- [WORK TO COMPLETE]:
Only the pictures are to be left out; return the rest of the data exactly as it stands.

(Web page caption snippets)
>>>

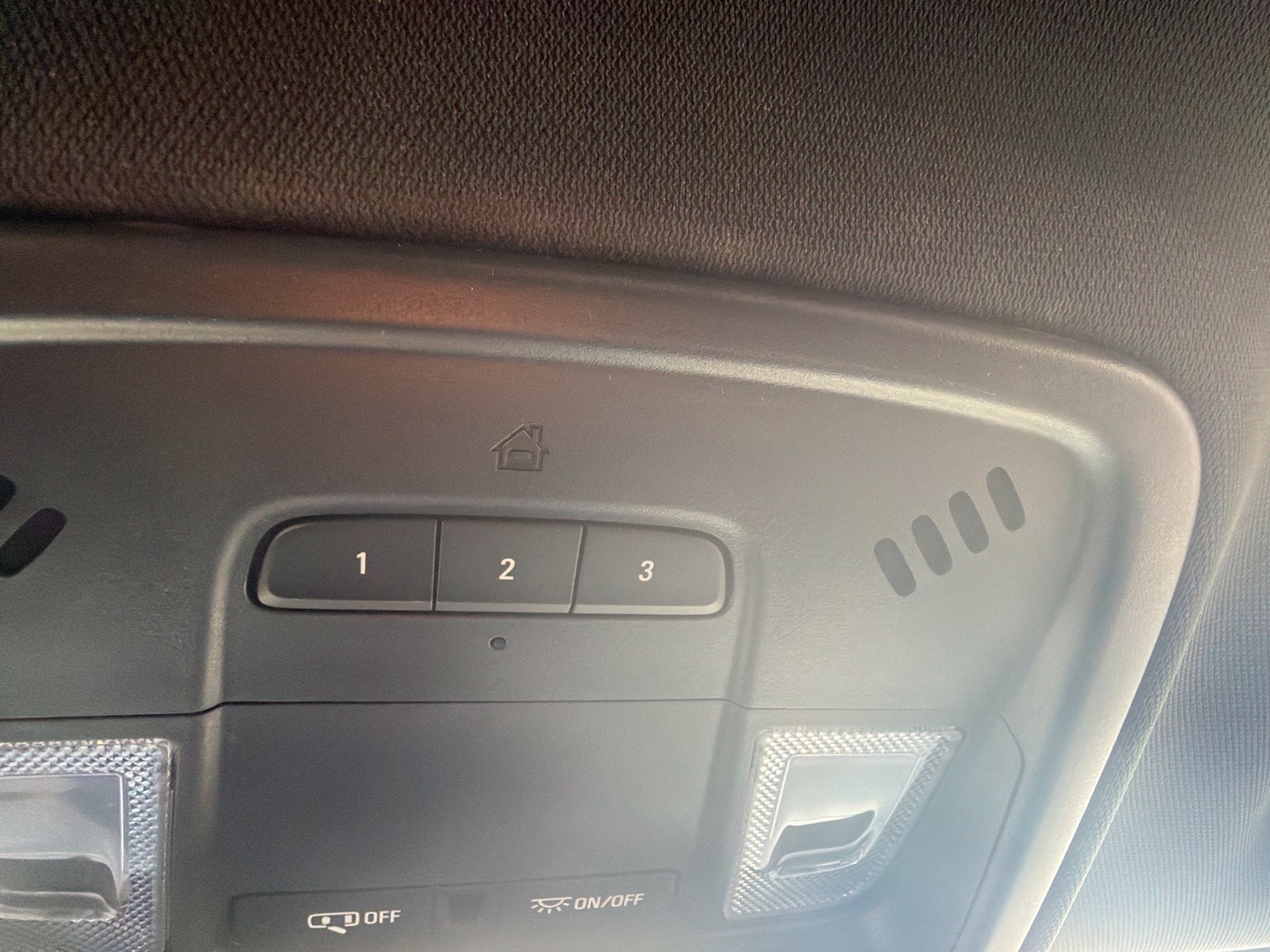 Used 2024 Chevrolet Traverse RS FWD image 31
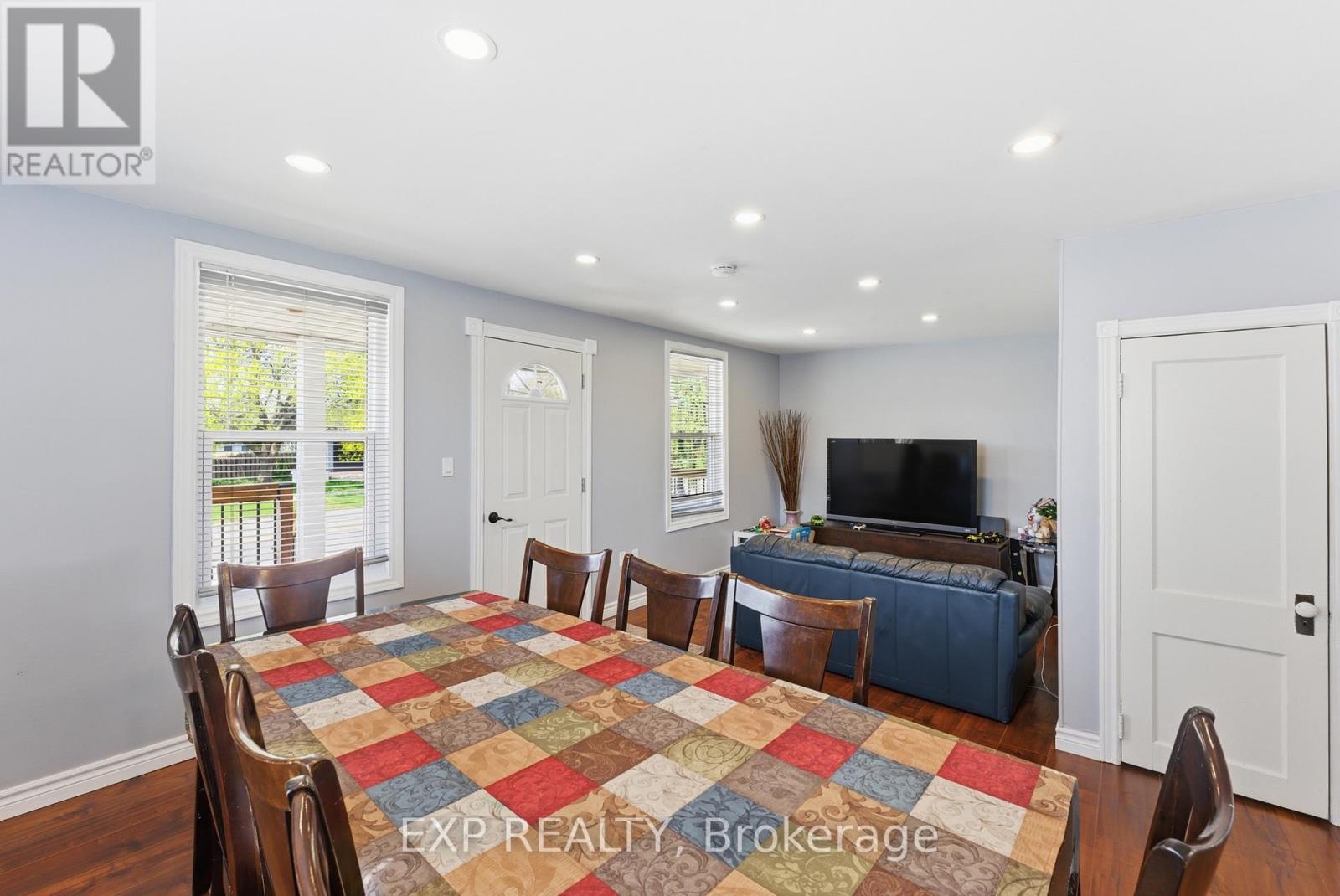 590 Scott Street Property Photo 7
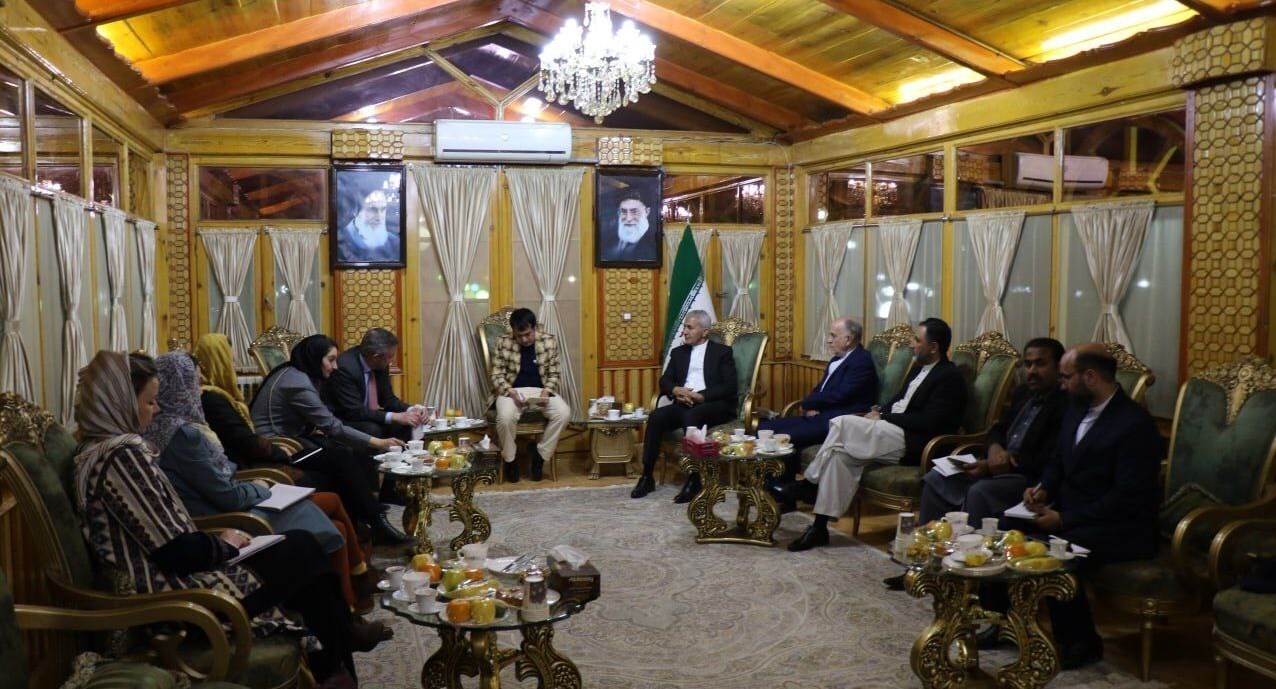 معاون یوناما از کنسولگری ایران در هرات بازدید کرد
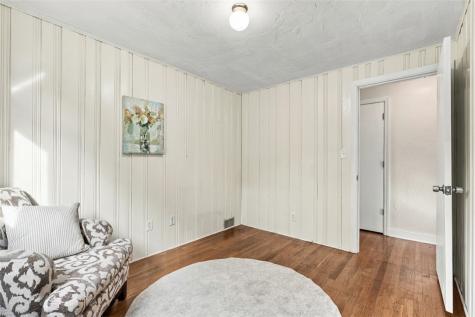1118 Girard Road Whitehall PA 15227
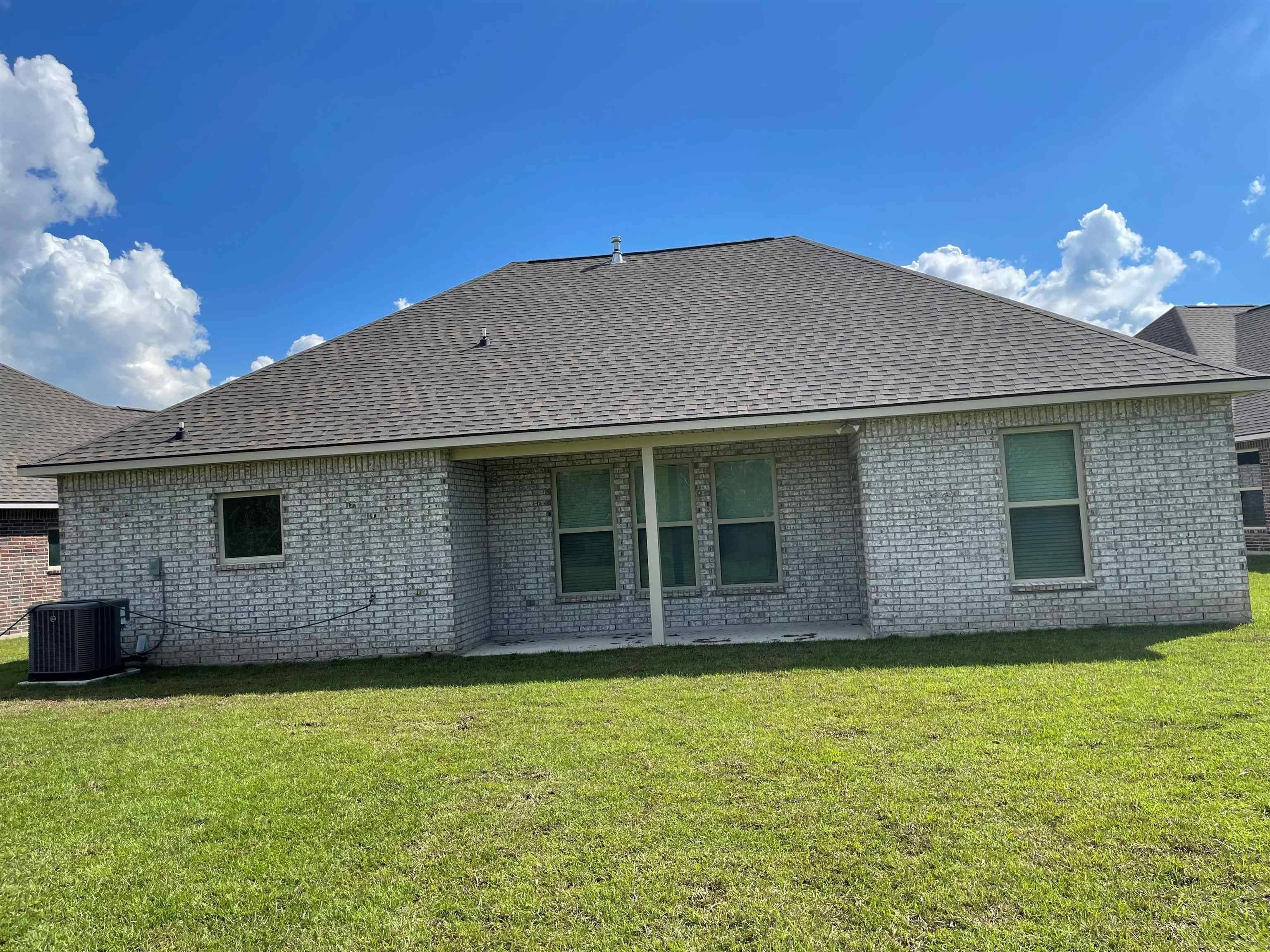 Houma, LA 70364,419 Rue Evangeline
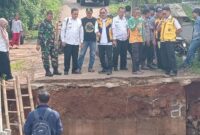 Dinas PU Kabupaten Sukabumi mempercepat pembangunan Jembatan Linggamanik usai ambles diterjang Sungai Cikurutug.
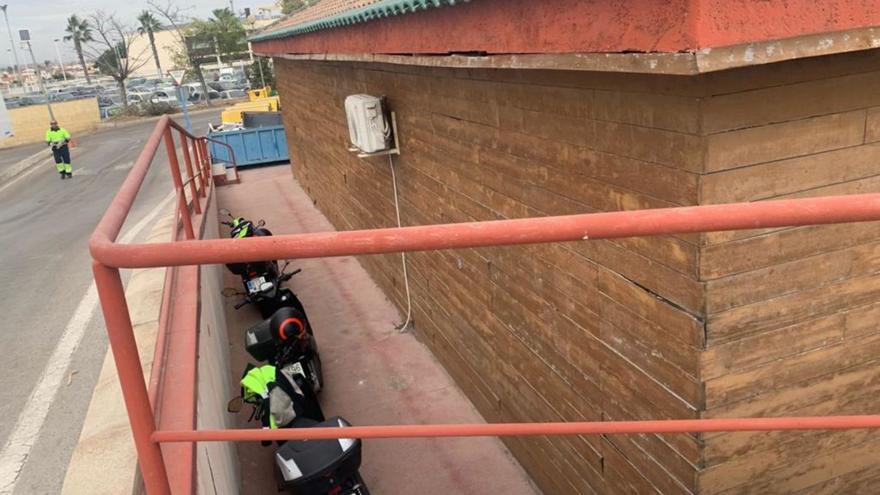 La brigada especial que debe vigilar los vertidos ilegales de basura y escombro en Torrevieja no funciona, según el PSOE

<<<

- [SOLUTION TO THIS TASK]:
 Used 2024 Chevrolet Traverse RS FWD image 31
 590 Scott Street Property Photo 7
 معاون یوناما از کنسولگری ایران در هرات بازدید کرد
1118 Girard Road Whitehall PA 15227
 Houma, LA 70364,419 Rue Evangeline
 Dinas PU Kabupaten Sukabumi mempercepat pembangunan Jembatan Linggamanik usai ambles diterjang Sungai Cikurutug.
 La brigada especial que debe vigilar los vertidos ilegales de basura y escombro en Torrevieja no funciona, según el PSOE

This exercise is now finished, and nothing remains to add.